======== Provided data

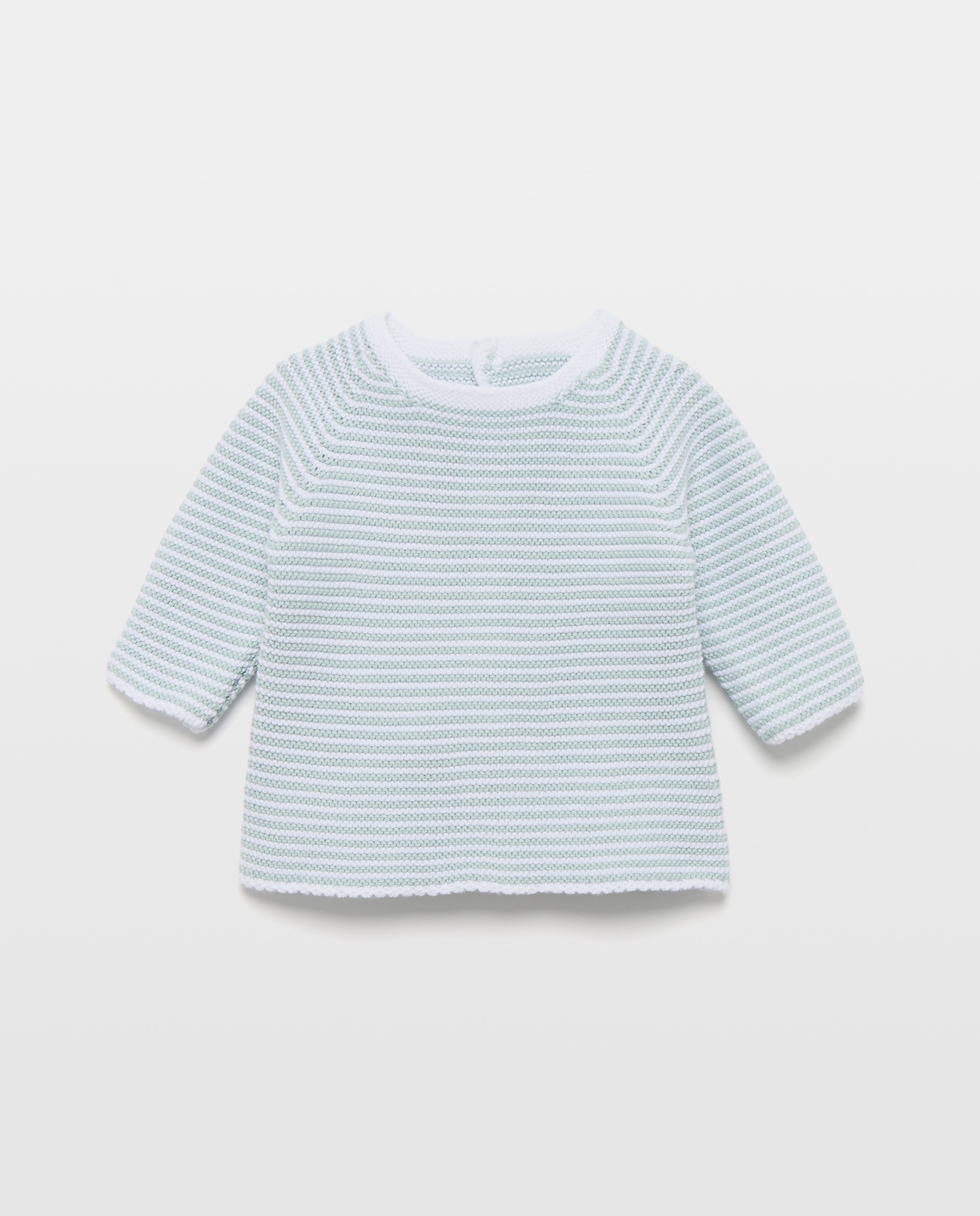 Camisola de Malha de Tricot às Riscas com Gola Redonda de Bebé Coconut El Corte Inglés Verde-1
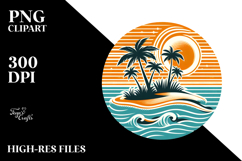 Retro Tropical Island Sun Clipart Product Image 2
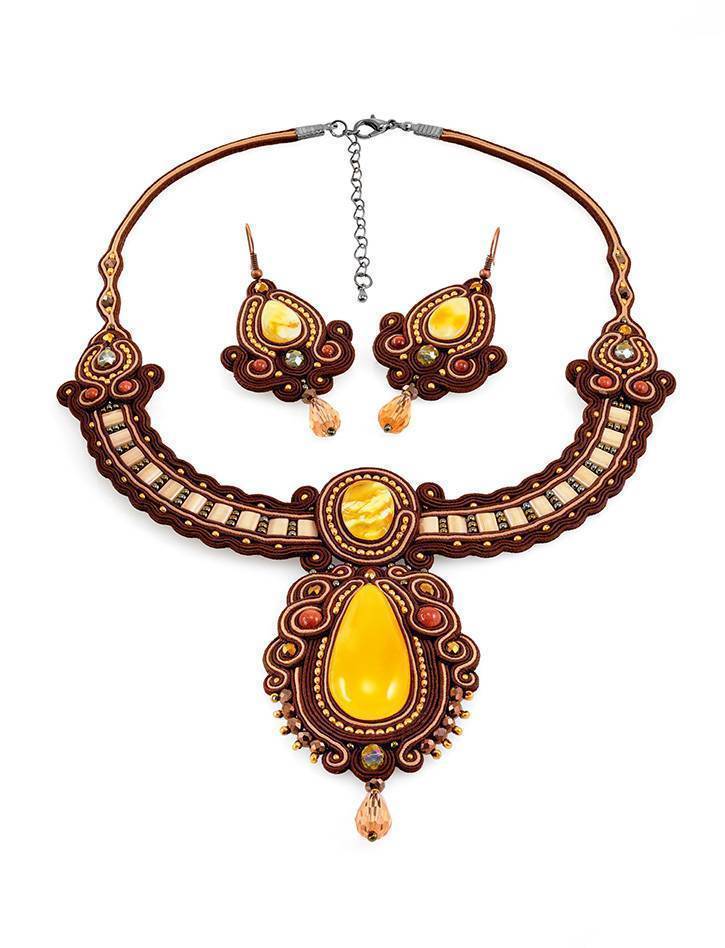 Ornate Braided Necklace With Amber And Glass Beads The india, image , picture 6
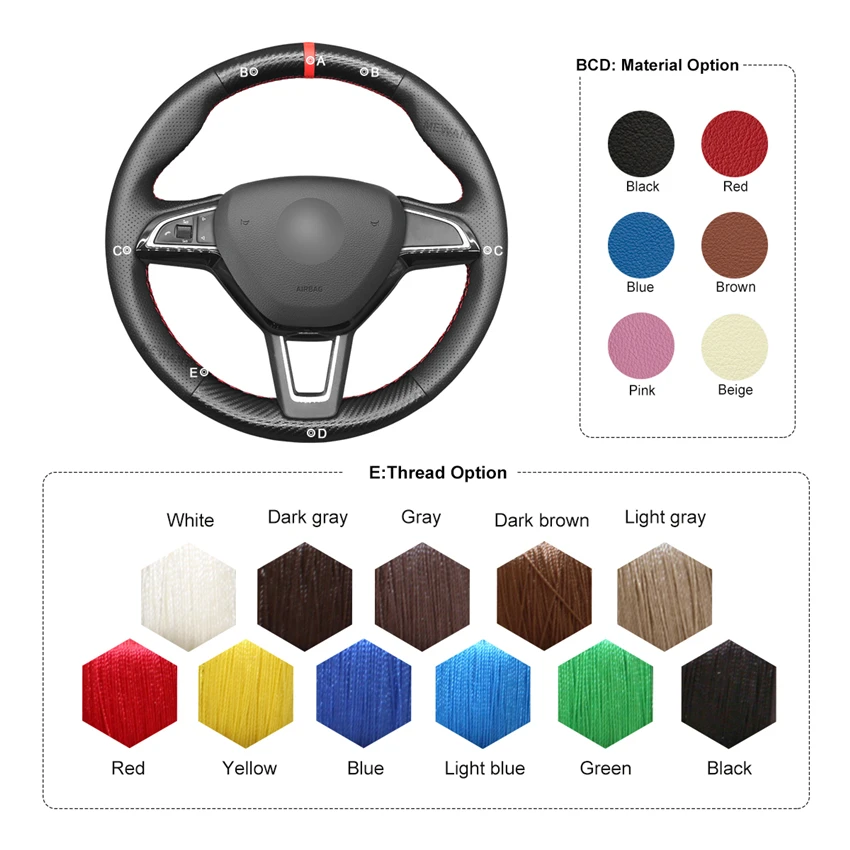

MEWANT Black PU Carbon Fiber Car Steering Wheel Covers for Skoda Citigo Fabia Karoq Roomster Rapid Octavia Superb Yeti Kodiaq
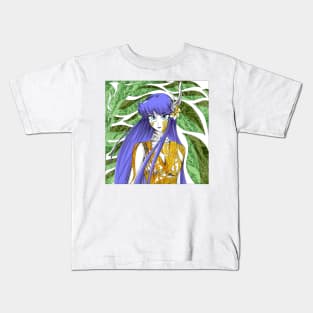 athena in floral golden cloth in the greek myth in saint seiya art Kids T-Shirt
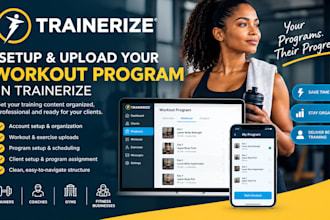 set up your trainerize account and upload your workout program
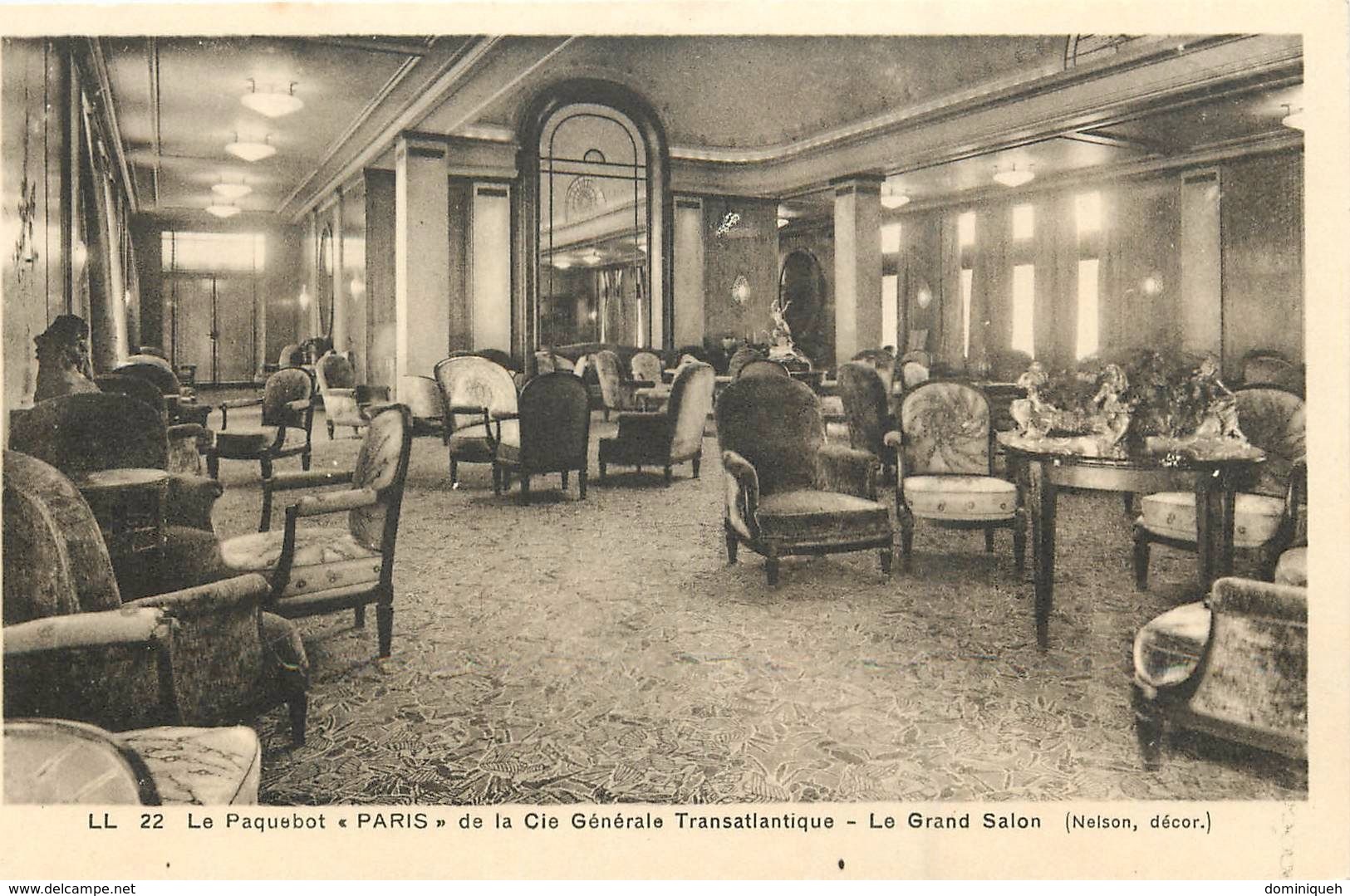 Lot de 13 CPA du Paquebot Paris Cie Générale Transatlantique Le Havre Extérieur et Intérieur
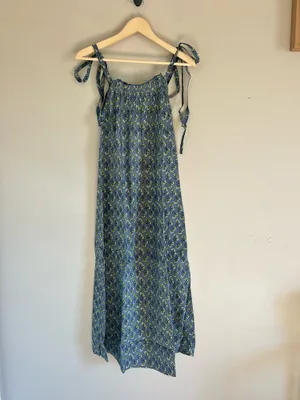 Boutique Ex Voto Iris Blue Tie-Shoulder Floral Maxi Dress XS/S NWT Boho Cotton Sundress thumbnail 4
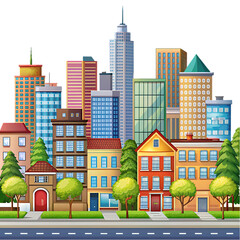 Fototapeta premium Minimalistic Vector Art Of Charlotte39s Skyline On A Sunny Day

================

Set down exactly, with no additions, each line from the line that includes "Lot de 13 CPA" to the final line of the entries above; leave pictures out.

 Lot de 13 CPA du Paquebot Paris Cie Générale Transatlantique Le Havre Extérieur et Intérieur
 Boutique Ex Voto Iris Blue Tie-Shoulder Floral Maxi Dress XS/S NWT Boho Cotton Sundress thumbnail 4
 Fototapeta premium Minimalistic Vector Art Of Charlotte39s Skyline On A Sunny Day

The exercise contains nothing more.